1. Coincidental

902 50 7
                                    

Tidak terhitung berapa kali Naruto mendengus dengan seringai hambar tercipta di sudut bibirnya. Menertawakan dirinya sendiri ketika dia kembali berada di posisi ini. Dia bahkan tidak bisa beranjak dari tempatnya duduk karena keadaan ini benar-benar menekannya.

Dia hanya terdiam seperti orang kurang waras yang bingung harus melakukan apa.

Setelah makan malam yang dia rencanakan dengan sangat hati-hati itu gagal untuk kesekian kalinya. Dia hanya bisa duduk terdiam dengan wajah berantakan di balik meja makan yang masih tertata dengan rapih, nyaris tidak tersentuh.

Kontras berbeda dengan penampilannya yang kacau.

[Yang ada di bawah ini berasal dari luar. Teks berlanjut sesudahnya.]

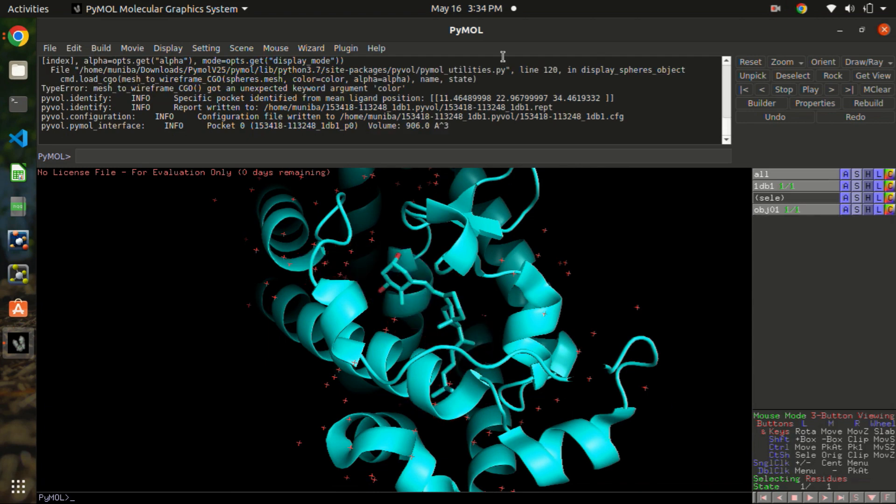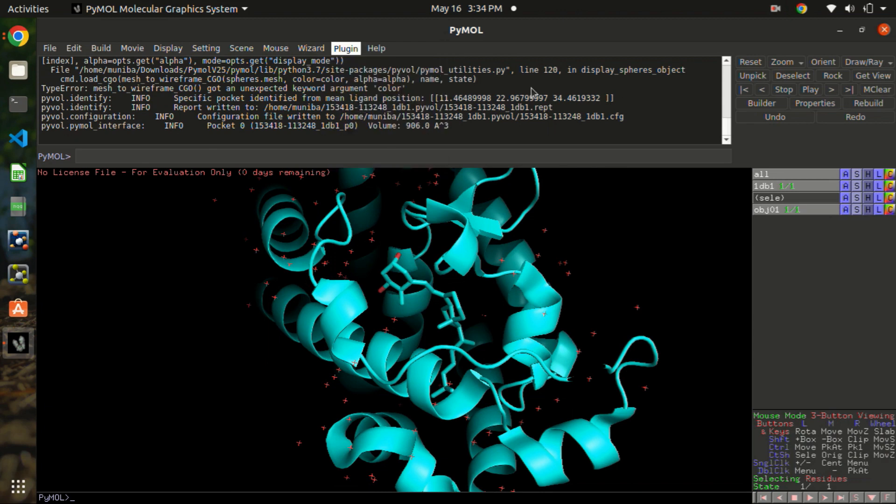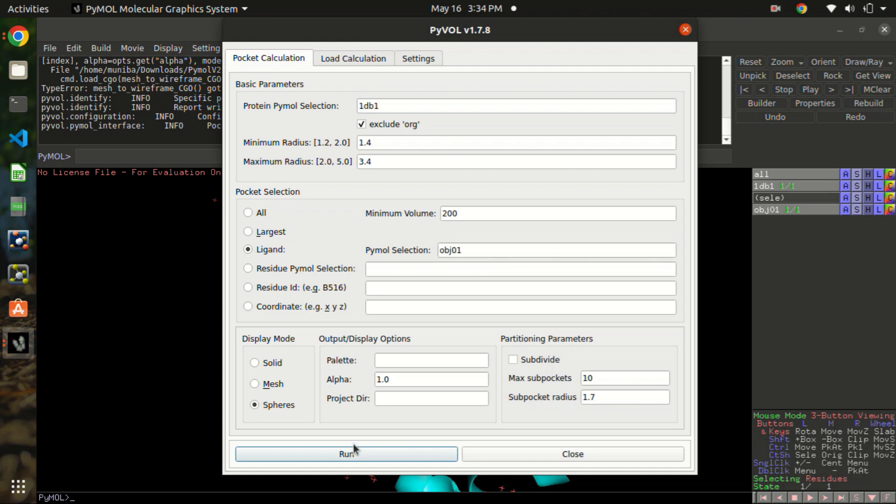Now if you want to change the display mode, then just simply go to the plugin again, enter these values. Ligand is obj01. And I want spheres, for example.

Mantel musim dinginnya terkulai lesu di kursi sebelah. Lengan kemeja yang tertarik asal sampai batas siku. Di tambah pikiran berkecamuk di kepalanya menambah penampilannya yang jauh dari kata baik di malam yang mulai beranjak larut ini.

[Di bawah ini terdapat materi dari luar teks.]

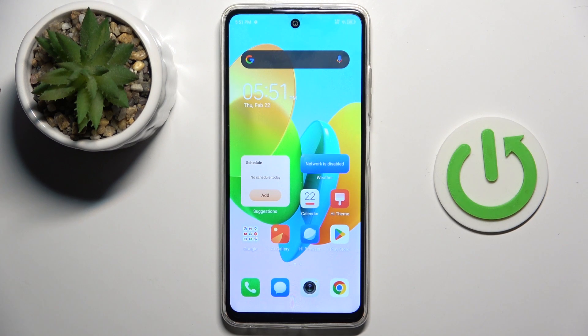Hello everyone, I'm Fred of Miss TechnoSpark20C and let me show you how to add a Google account.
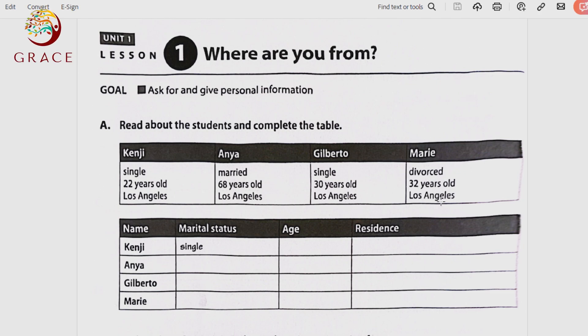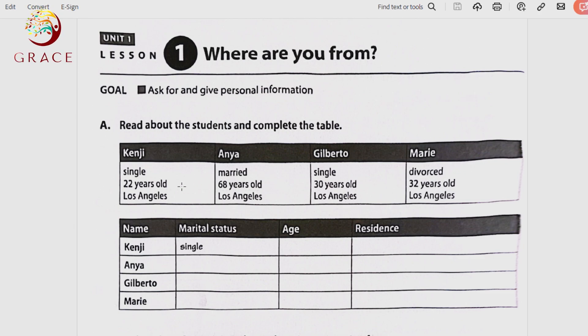For Gilberto — marital status: single, age: 30 years old, residence: Los Angeles. For Marie — marital status: divorced, age: 32 years old, residence: Los Angeles. Basic information includes first and last name, address, street name, city, state, zip code, phone number. We practiced how to add your date of birth — month, day, and year — and today's date. We don't need to mention the year since we all know we are in 2024.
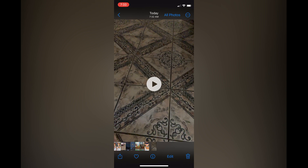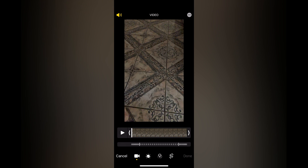Then you're going to tap on edit in the bottom right hand corner. After selecting edit, you're going to see a timeline. And if you do not see that timeline, all I'd recommend you do is tap on the camera icon right beside cancel in the bottom left hand corner.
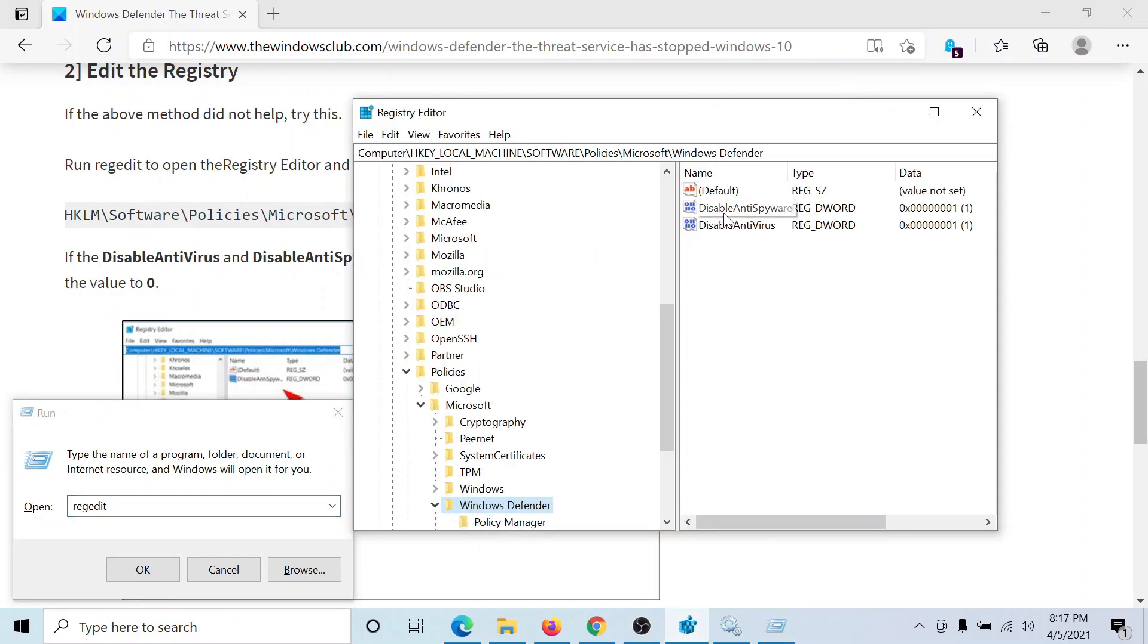In the registry editor window, go to the key HKEY_LOCAL_MACHINE, software, policies, Microsoft, Windows Defender.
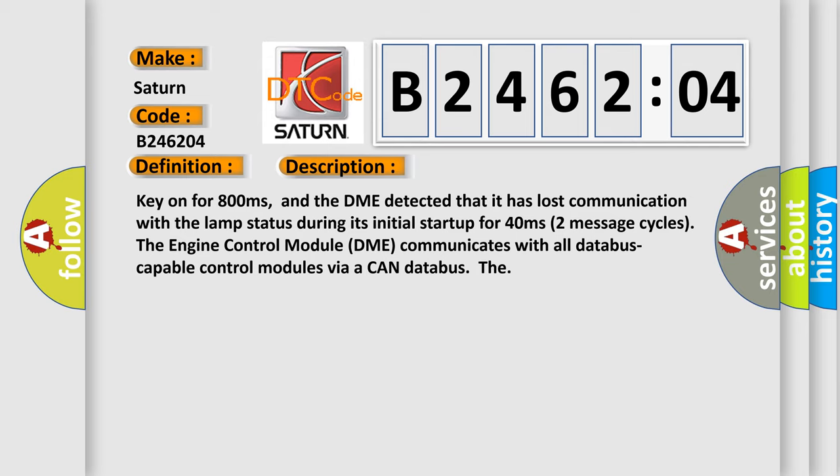The engine control module DME communicates with all database-capable control modules via a CAN database.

Sudah tiga jam berlalu sejak kedua orang tuanya pergi dengan kemarahan yang meledak.

Sementara sang kekasih tidak juga memunculkan batang hidungnya sejak dia menginjakkan kakinya ke restoran mewah ini tadi.

Segala persiapan hebat yang telah dia rencanakan akhirnya sia-sia. Gadis bersurai Pink dengan wajah secerah musim semi itu tidak menepati janjinya untuk datang.

Untuk yang kesekian kali, Sakura tidak datang pada pertemuan mereka. Mungkin Naruto terlalu bodoh karena berharap terlalu besar. Dia berpikir kali ini sang kekasih akan berubah dan mulai memikirkan hubungan mereka dengan serius.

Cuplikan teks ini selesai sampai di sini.